46,XX associated with POI
XX gonadal dysgenesis not associated with phenotypic anomalies are most commonly inherited in an autosomal recessive fashion. There is variance in phenotypic penetration noted among siblings.Citation11–Citation13 It has been challenging to identify the specific autosomal genes responsible for various forms of XX gonadal dysgenesis. There are sporadic cases associated with reciprocal autosomal translocations that have not been easily reproduced. Mouse models suggest alterations at the following gene regions may impact POI: 4p11–q12 (tyrosine kinase receptor), 12q22 (mast cell growth factor), 9q33 (nuclear receptor factor), 6p21.3 (DNA mismatch repair), and 18q21.3 (cell death repressor protein).Citation14
Syndromic ovarian failure
Studies of individuals with cerebellar ataxia with XX gonadal dysgenesis have shown variance in the manifestation of mental retardation, cataracts, and neurosensory deafness, suggesting a single mutant gene is unlikely to explain all causes.Citation15
Gonadal dysgenesis and multiple malformation syndromes
Other variants presenting with XX gonadal dysgenesis have associated somatic features, including microcephaly, arachnodactyly, epibulbar dermoids, short stature, metabolic acidosis, blepharophimosis-ptosis-epicanthus, Malouf syndrome (dilated cardiomyopathy, mental retardation, blepharoptosis), and limb-mammary syndrome (ectrodactyly, ectodermal dysplasia, cleft lip/palate).Citation16–Citation18
Metabolic abnormalities associated with POI
A number of inherited enzymatic pathway disorders have been associated with ovarian follicular dysfunction leading to POI. Galactose 1-phosphate uridylyltransferase deficiency (galactosemia) was one of the first to be characterized.Citation19 The gene encoding this enzyme is located on 9p and the pathogenesis is believed to involve toxic accumulation of galactose during infancy. Phenotypic features of this disorder involve defects in the ocular, renal, and hepatic systems.Citation19 Because galactosemia requires treatment in childhood to prevent mental retardation, it is unlikely to be diagnosed in an otherwise healthy adult presenting only with POI.

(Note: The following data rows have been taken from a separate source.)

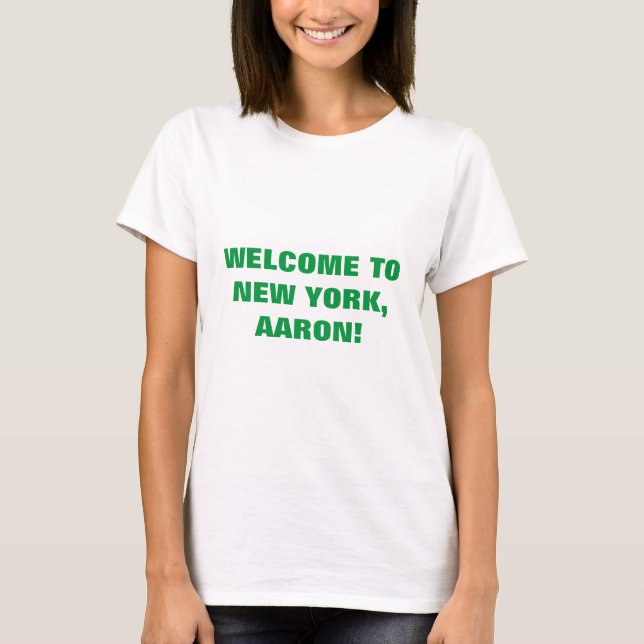 T-shirt FEMME NEW YORK (Devant)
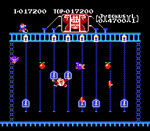 Donkey Kong Jr [5 Screw] - NES - Retro Island Gaming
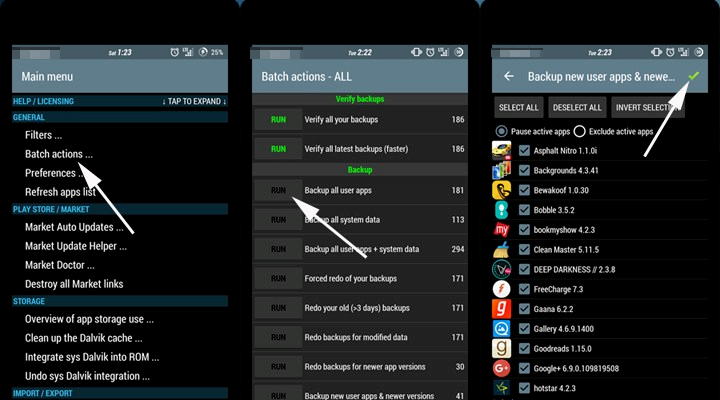 How to Backup Your Android Apps and Data with Titanium Backup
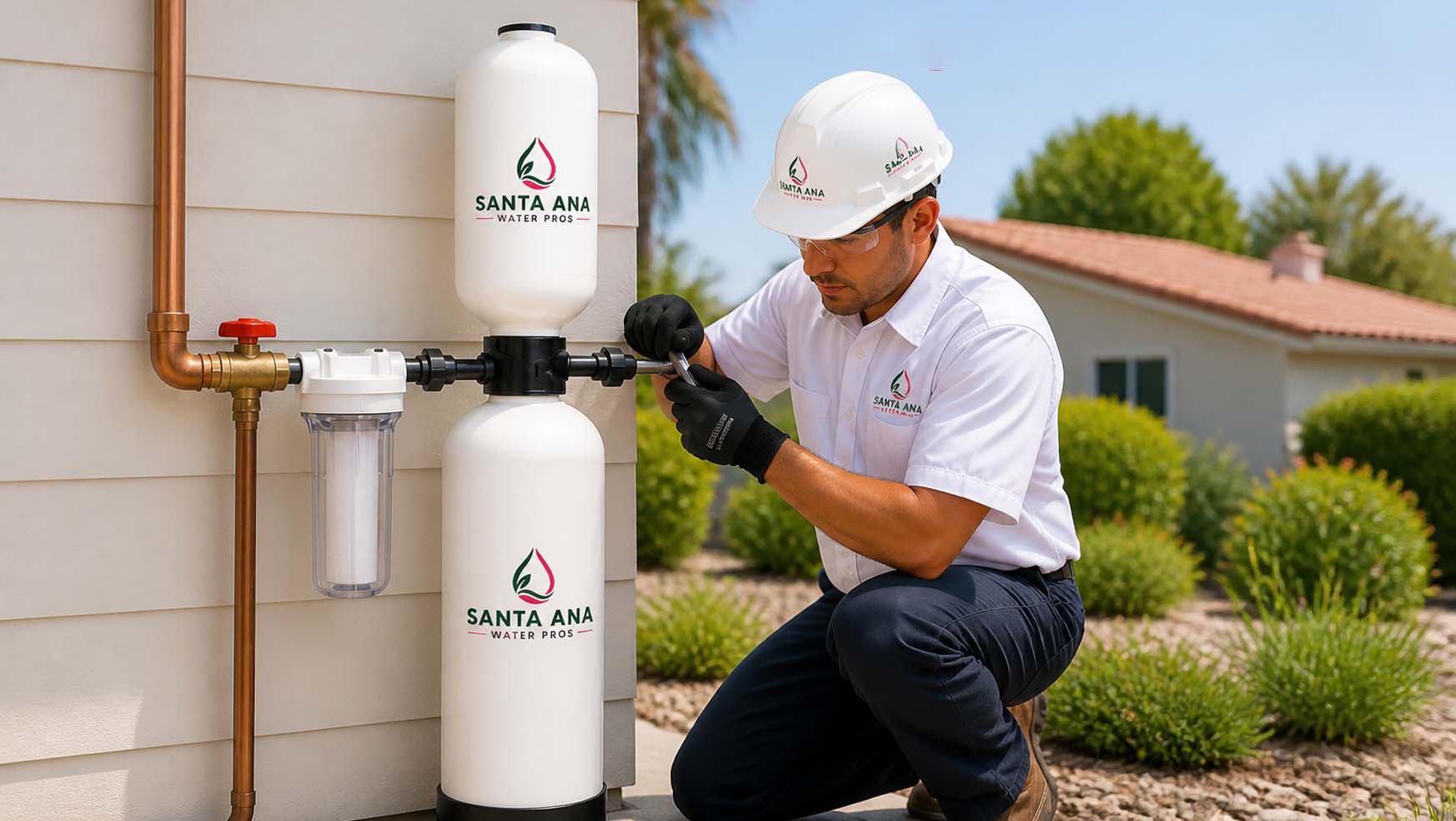 Salt-free water conditioners in Santa Ana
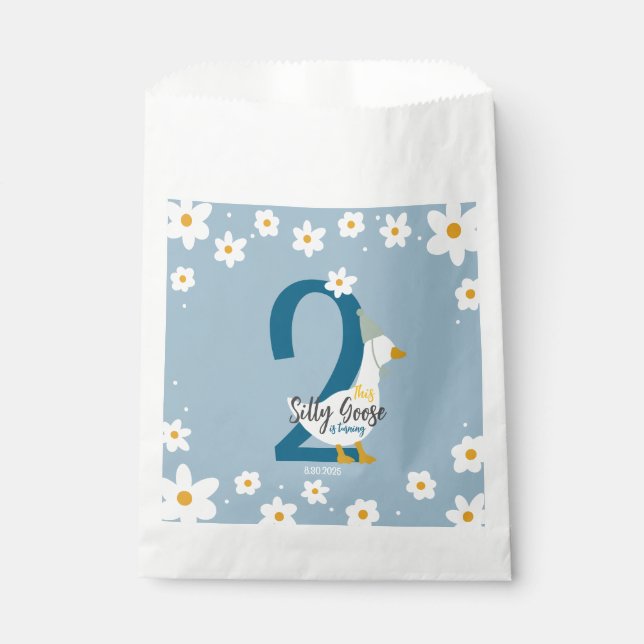 Bolsa De Papel Silly Goose Fiesta Bag (Anverso)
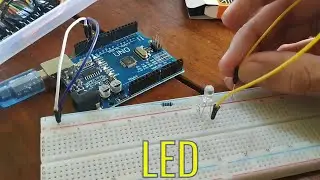 Arduino Tutorial 🚨 Parpadeo de Led Externo en Protoboard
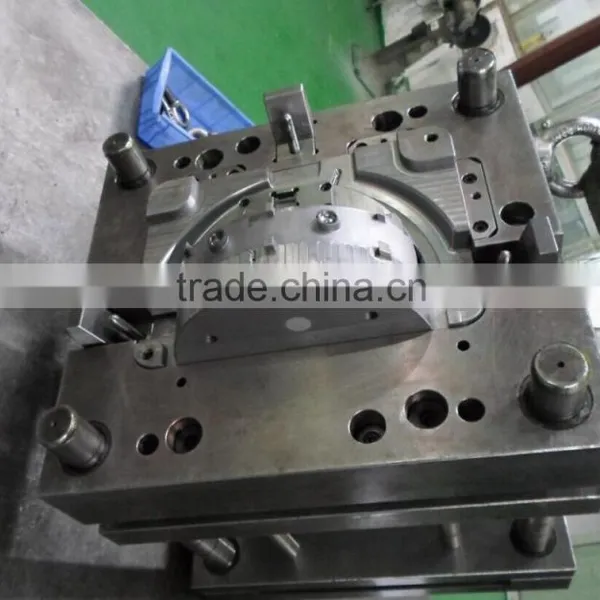 Manufecturer New Popular Injection Mould Make in China for Plastic Spare Parts photo-2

Carbohydrate-deficient glycoprotein deficiency
This condition is most commonly caused by a missense mutation located on chromosome 16p13, a phosphomannomutase gene mutation (PMM1). The enzyme defect results in accumulation of mannose-6-phosphate which cannot be converted to mannose-1-phospate, and is associated with a wide variety of neurologic abnormalities, including ataxia, hyperreflexia, hypotonia, joint contractions, and epilepsy.Citation20
17 α-hydroxylase/17,20 desmolase deficiency
Defects in the sex steroid biosynthetic pathway can lead to predictable consequences depending on the enzyme deficiency. When 17 α-hydroxylase/17,20-lyase is deficient, pregnenolone cannot be converted to 17 α-hydroxypregnenolone. This leads to a reduced ability to produce cortisol, androstenedione, testosterone, and estrogens. This condition in XX genetic females will be associated with normal appearing external genitalia, but affected individuals fail to undergo secondary sexual development at puberty. The ovaries do respond to exogenous gonadotropins. The disorder is a result of an autosomal recessive mutation isolated to a single gene, ie, CYP17 located on 10q24–25.Citation21
Aromatase mutations
Deficiency of aromatase activity prevents conversion of androgens to estrogens and is often associated with clitoral hypertrophy and primary amenorrhea in females.Citation22 Treatment with exogenous estrogen will induce the growth spurt, breast development, and menstrual cycles.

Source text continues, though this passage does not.